Opłaty na odcinku A2 Nowy Tomyśl–Konin wzrosną dopiero w marcu. Na ferie kierowcy pojadą zgodnie z dzisiejszym cennikiem

CEO Magazyn Polska

Autostrada Wielkopolska SA zdecydowała o przesunięciu ze stycznia na marzec 2016 roku podwyżek opłat na odcinku A2 między Nowym Tomyślem a Koninem. Dzięki temu w okresie ferii zimowych kierowcy samochodów osobowych będą mogli podróżować jeszcze według niższych stawek. Podwyżka dotyczyć będzie tylko pojazdów kategorii I, czyli samochodów osobowych, oraz kategorii V, czyli ponadnormatywnych. Wynika ona z rosnących kosztów utrzymania autostrady i obciążeń podatkowych.

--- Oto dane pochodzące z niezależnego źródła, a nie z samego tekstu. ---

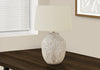 26" Cream Textured Ceramic Table Lamp|Lampe de table de 26 po en céramique texturée crème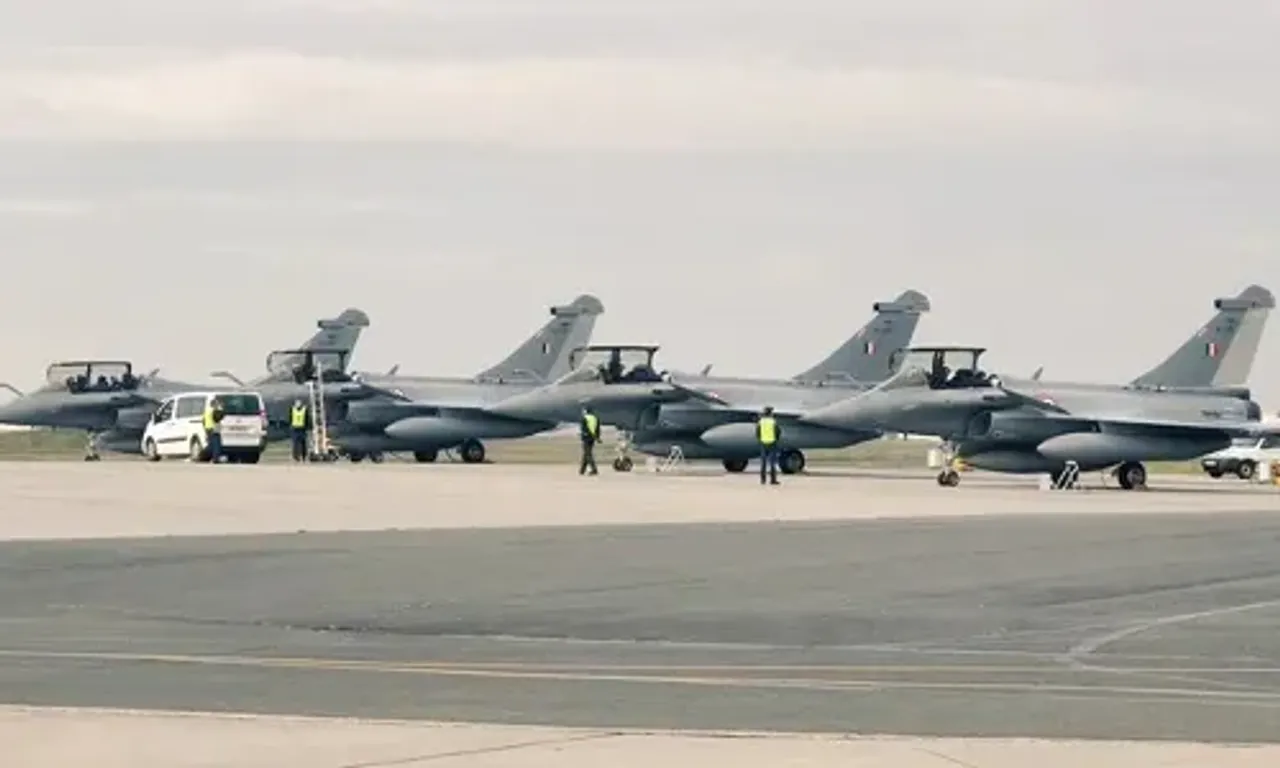 Three more Rafale jets arrive in India from France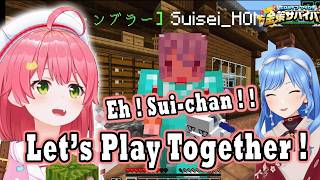 Miko Gets So Happy When She Saw Suisei Online on the Last Day of Gold Rush 2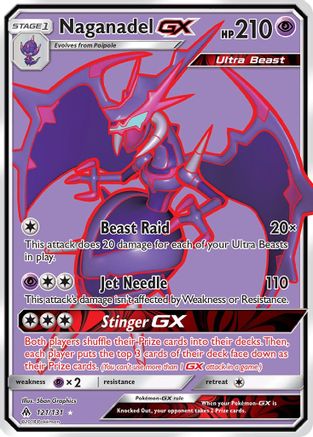 Image of Naganadel GX (Full Art) 121  - Holofoil SM  Forbidden Light - Ultra Rare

Podwyżka wejdzie w życie 1 marca 2016 roku z uwagi na to, że wcześniej będzie okres ferii zimowych, które trwają sześć tygodni. Wówczas autostradą A2 porusza się wielu klientów, którzy korzystają tylko z autostrady jednorazowo, a nie na co dzień. Zatem z uwagi na interes społeczny odraczamy tę podwyżkę. Szacujemy, że przez te dwa miesiące przejedzie autostradą około 2 mln pojazdów kategorii I, czyli samochodów osobowych – wyjaśnia w rozmowie z agencją Newseria Biznes Zofia Kwiatkowska ze spółki Autostrada Wielkopolska.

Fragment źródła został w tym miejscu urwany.